By Susan Ning, Kate Peng and Gong Ting King & Wood Mallesons’ Commercial & Regulatory Group

Ountitlednpeng_kate 14 June 2016, China’s State Council published on its website the Opinions on Establishment of the Fair Competition Review Mechanism in the Development of Market System (“Opinions”).[1]The introduction of the fair-competition review mechanism represents a landmark progress in developing market economy in China.[2]According to the Opinions, Chinese government departments at different levels shall conduct a fair-competition review during the formulation of policies and regulations starting from July 2016.

1. Background

Over the past decades, China has made extraordinary economic progress in a relatively short period of time. Notwithstanding this development, China’s transition to a modern market system is still on-going and the legacy of a centrally planned and highly administered and regulated system still remains in some areas of the economy. Such as certain current administrative and economic management system gives central and local government bodies extensive powers to intervene and participate in markets relevant to the industries and geographical areas in their jurisdictions.

At the central level, government departments providing targeted sectors (e.g. regulated industries) and enterprises with preferential treatment or protection at the expense of non-favoured enterprises with which potentially they compete. The use of such preferential treatment are evident not only in regulated industries (e.g. tobacco, post and telecommunications, construction, machinery) but in some non-regulated industries such as foodstuffs, beverages and real estate.[3] At the local level, local governments create barriers to internal trade between regions and protect locally owned or controlled enterprises. Regional monopolies and protectionism in China has resulted in excessive duplication of various industries across provinces, with a very large numbers of local producers in industries such as automobiles and cement.[4]

Such problems of administrative monopoly are well recognized in China, and are basic aspects of the relationship between the state and the market that China is seeking to reform. The November 2013 decision of the 3rd Plenum of the 18th Party Congress to make the ‘market play the decisive role in resource allocation’ and to establish a ‘unified, fair, open and competitive market’ constitutes a major breakthrough in China’s economic reform policy.[5] The lately issued Opinions are thus deemed as a follow-on major progress in the development of a competition policy.

2. Fair Competition Review Mechanism in the Opinions

In response to such problems of administrative monopoly, the Opinions introduce the fair competition review mechanism by setting out the review targets, methods and standards as follows.

a) Review Target:

According to the Opinions, the following items shall be subject to the fair competition review: laws, regulations, administrative policies, administrative practices and all instruments, which are issued from a public authority entrusted with administration tasks to manage public affairs, regarding economic activities of a market player.

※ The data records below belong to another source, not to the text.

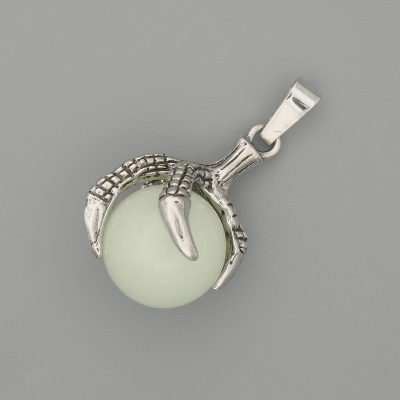 Кулон Онікс Лапа з кулею 18х37мм+- сріблястий метал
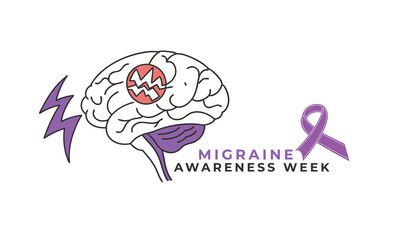 Migraine Awareness Week. Migraine concept Design Background.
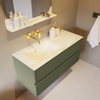 Mondiaz VICA-DLUX ensemble de meuble de salle de bain - 110cm - meuble sous-vasque armée - 2 tiroirs - lavabo encastré nuage gauche - sans trous de robinet - version haute de 60cm - ostra SW1087008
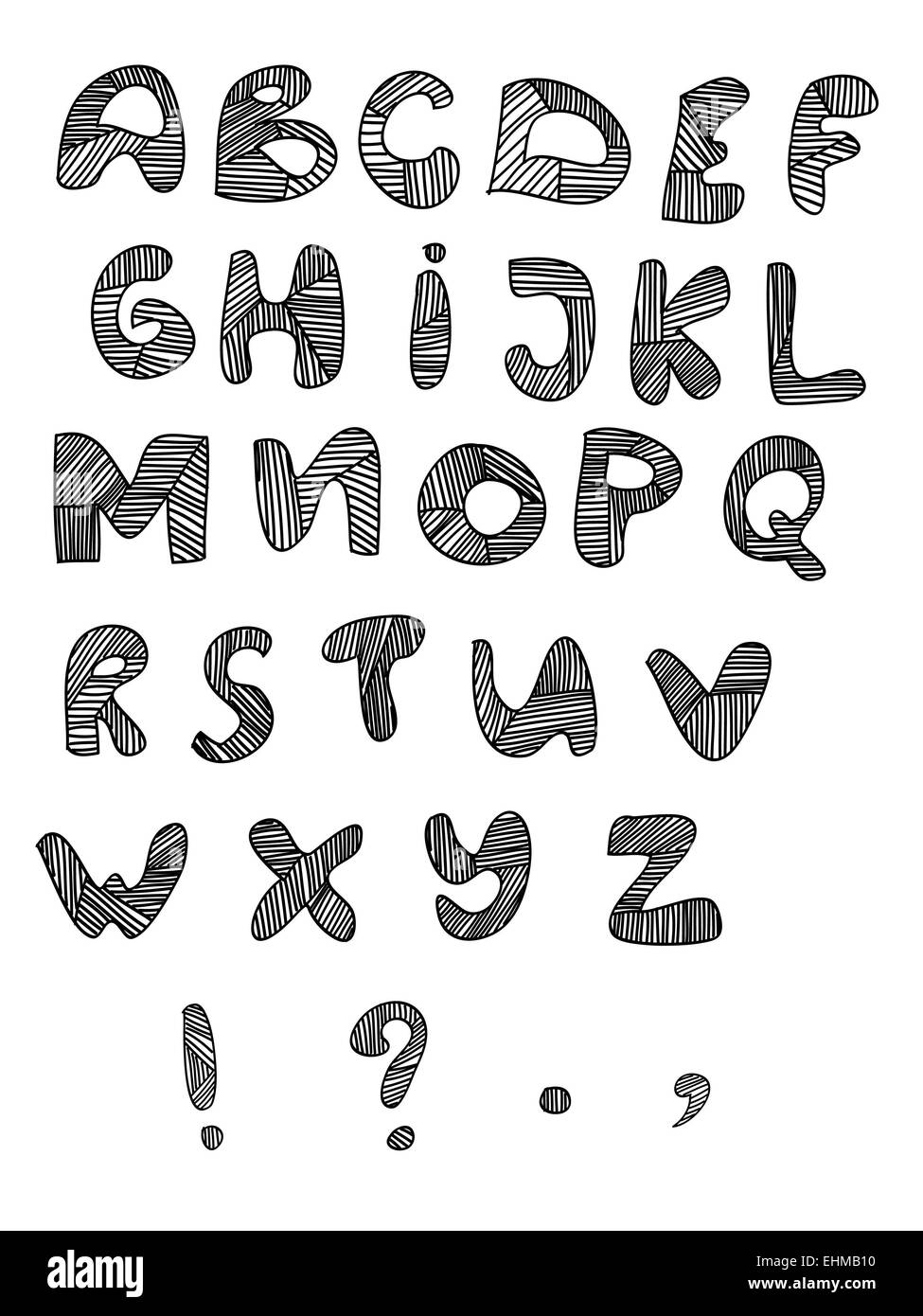 Set di vettore con mano le lettere scritte su sfondo bianco. Foto Stock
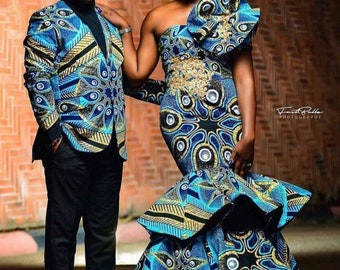 Couples African outfit, African couple engagement outfit, Ankara gown, Ankara clothes for couples wedding, Couples matching African clothing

The economic activities include market entry, industry development, investment solicitation, tendering and bidding, procurement, operational regulation and other qualification criterion.

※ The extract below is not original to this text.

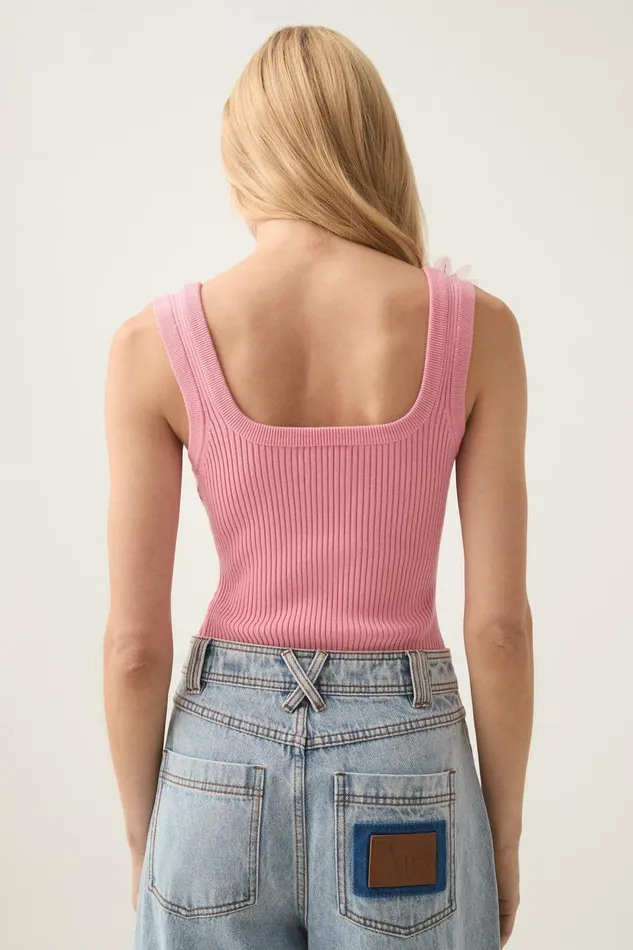Aje Tops Bronte Flower Knit Tank Washed Coral 8211 Women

In terms of administrative regulations and other policy measures issued by the State Council, and local regulations, the relevant legislative authorities are required to conduct such fair competition review during the process of drafting. Without such prior review, the foregoing legislative measures shall not be submitted for approval.

b) Review Method

The relevant policy making authorities shall conduct self-review according to the standard of review during the course of measures making. The measures could only be issued then implemented if they do not eliminate or restrict competition; otherwise, the measures shall not be issued unless they are adjusted in a manner consistent with the review standards. Such review shall be conducted in parallel with soliciting opinions from interested parties, or consulting public comments when drafting relevant measures. After the issuance of relevant measures, these measures shall be publicly available according to the Regulation of the People’s Republic of China on the Disclosure of Government Information.

c) Review Standard

According to the Opinions, the review shall be conducted in a way to protect an integrated national market and fair competition, in particular, in accordance with four major standards and a list of eighteen “not-to-do” items.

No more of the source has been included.